You can see the motive to coin the term "sticking problem" as I get tired of writing paragraphs like the above for a lot of different fishless cycling cases. Let me know if the explanation is not clear. I'm still working on the best way to describe this.

~~waterdrop~~
 
You're welcome!

I'm sure we'll be hearing from you when you get to the "sticking problem" in the third phase, just as everyone else seems to have right now! :lol:

~~waterdrop~~
Somehow I missed that, what is the "sticking problem"?

So I'm still wondering what the "sticking problem" is...anyone?
The "sticking problem" is my own made-up name (sorry :lol:) to use as a bit of shorthand to describe the following: In the third phase of a fishless cycle (the period after the "nitrite spike" is over with) the fishless cycler is usually concerned with watching the -timing- of the ammonia and nitrite "drops to zero" each day.
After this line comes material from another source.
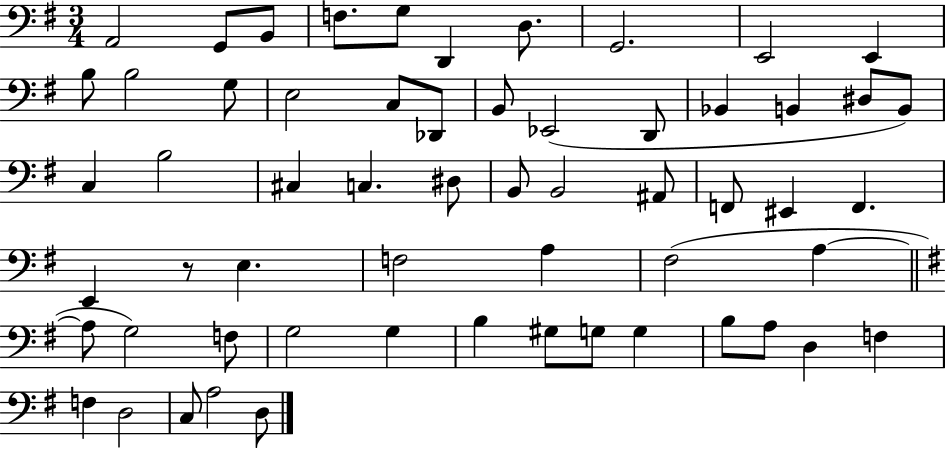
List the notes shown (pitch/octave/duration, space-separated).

A2/h G2/e B2/e F3/e. G3/e D2/q D3/e. G2/h. E2/h E2/q B3/e B3/h G3/e E3/h C3/e Db2/e B2/e Eb2/h D2/e Bb2/q B2/q D#3/e B2/e C3/q B3/h C#3/q C3/q. D#3/e B2/e B2/h A#2/e F2/e EIS2/q F2/q. E2/q R/e E3/q. F3/h A3/q F#3/h A3/q A3/e G3/h F3/e G3/h G3/q B3/q G#3/e G3/e G3/q B3/e A3/e D3/q F3/q F3/q D3/h C3/e A3/h D3/e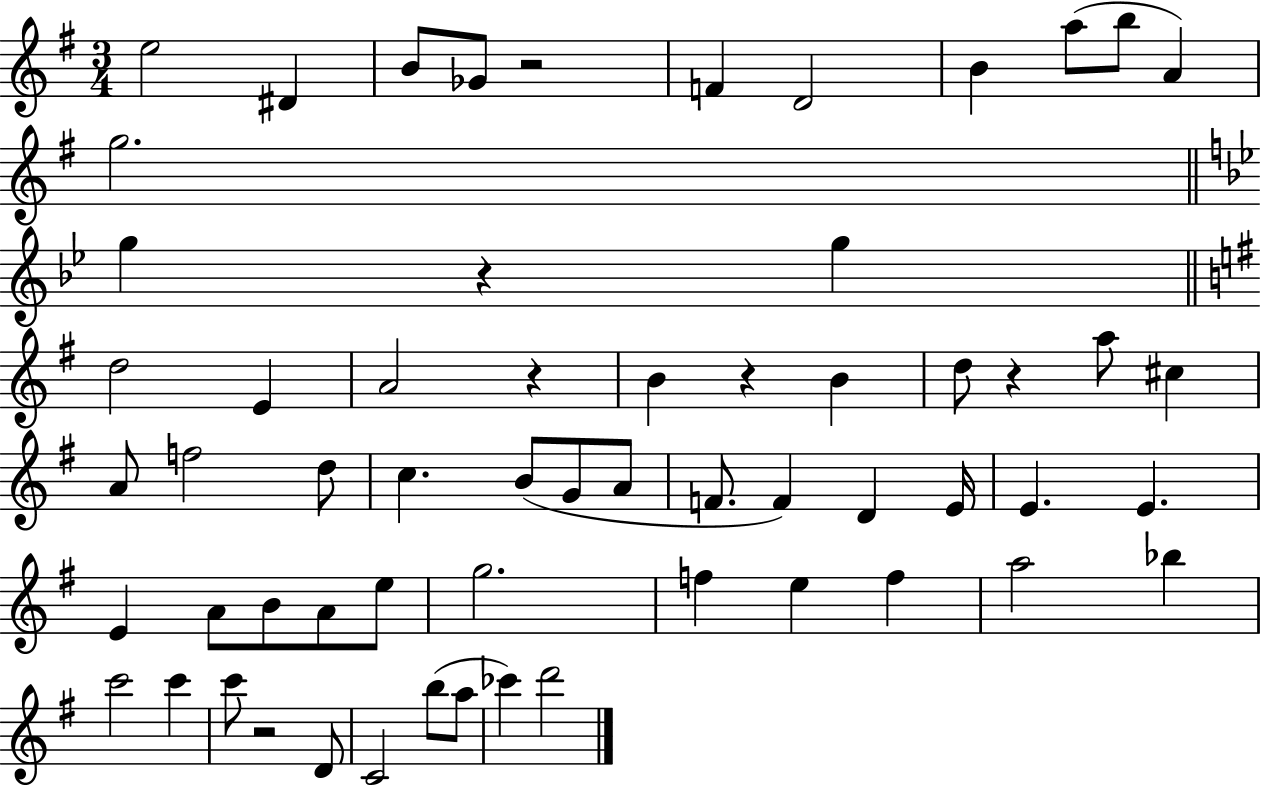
E5/h D#4/q B4/e Gb4/e R/h F4/q D4/h B4/q A5/e B5/e A4/q G5/h. G5/q R/q G5/q D5/h E4/q A4/h R/q B4/q R/q B4/q D5/e R/q A5/e C#5/q A4/e F5/h D5/e C5/q. B4/e G4/e A4/e F4/e. F4/q D4/q E4/s E4/q. E4/q. E4/q A4/e B4/e A4/e E5/e G5/h. F5/q E5/q F5/q A5/h Bb5/q C6/h C6/q C6/e R/h D4/e C4/h B5/e A5/e CES6/q D6/h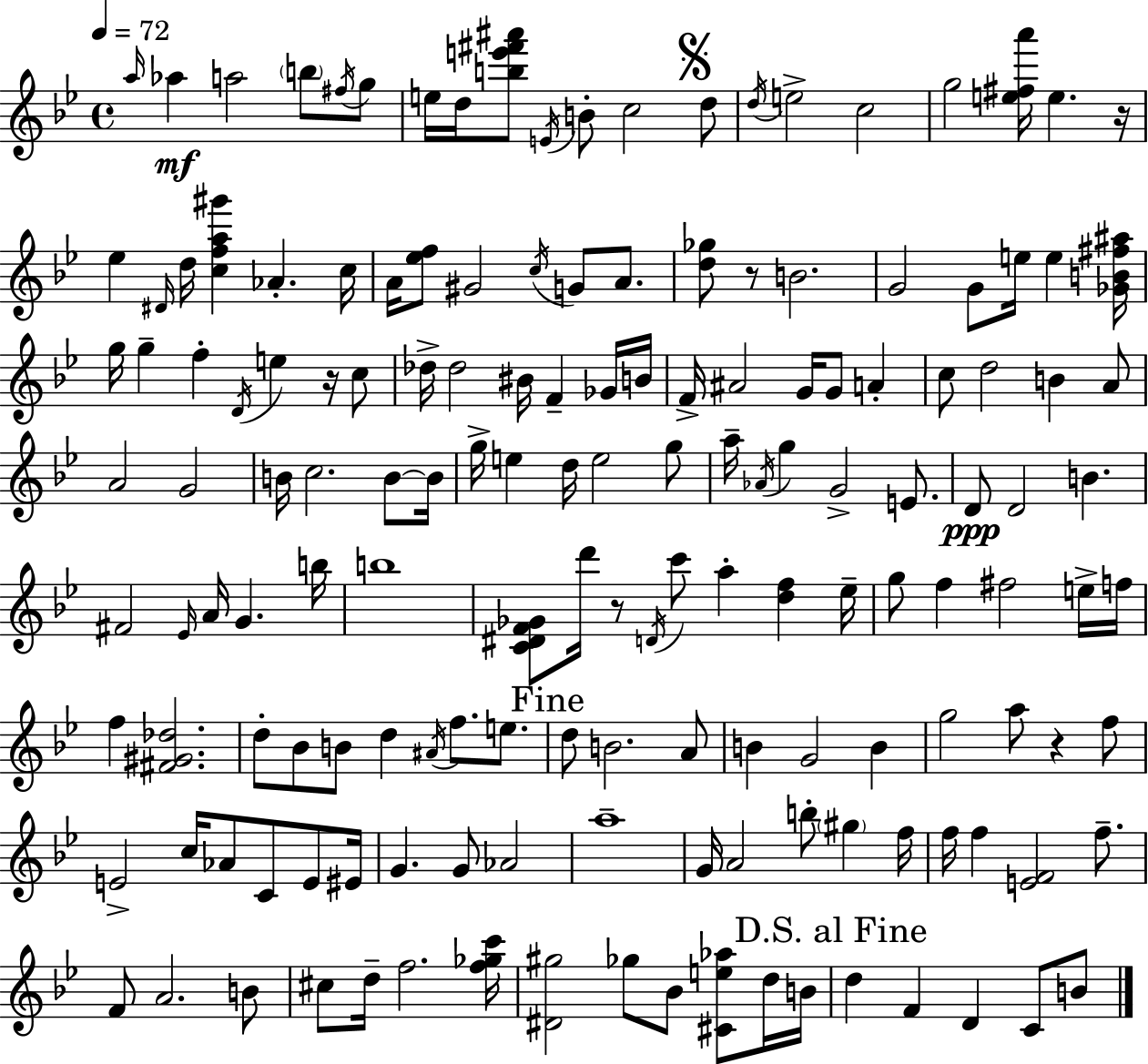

At first it takes 24 hours for the drops to occur, but gradually they begin to approach the point of only taking 12 hours to drop (which of course is the big goal!) and yet the major problem we often see is that one seems to be making steady progress, with the time getting shorter and shorter, leading to a reasonable anticipation of a day shortly ahead being double-zero at 12 hours... and then.. it sticks. It just seems to stop moving and instead shows some small amount (anywhere from a trace all the way to 1ppm) of substance still not being processed. Usually its the nitrite(NO2) that's not making it to zero but sometimes the ammonia surprises you and -it- becomes the substance that suddenly won't drop all the way to zero, even though its been doing it before! This bothersome situation, right near the very end of fishless cycling, is what I've labeled "the sticking problem."

You can see the motive to coin the term "sticking problem" as I get tired of writing paragraphs like the above for a lot of different fishless cycling cases. Let me know if the explanation is not clear. I'm still working on the best way to describe this.

~~waterdrop~~
You described it perfectly...Thanks!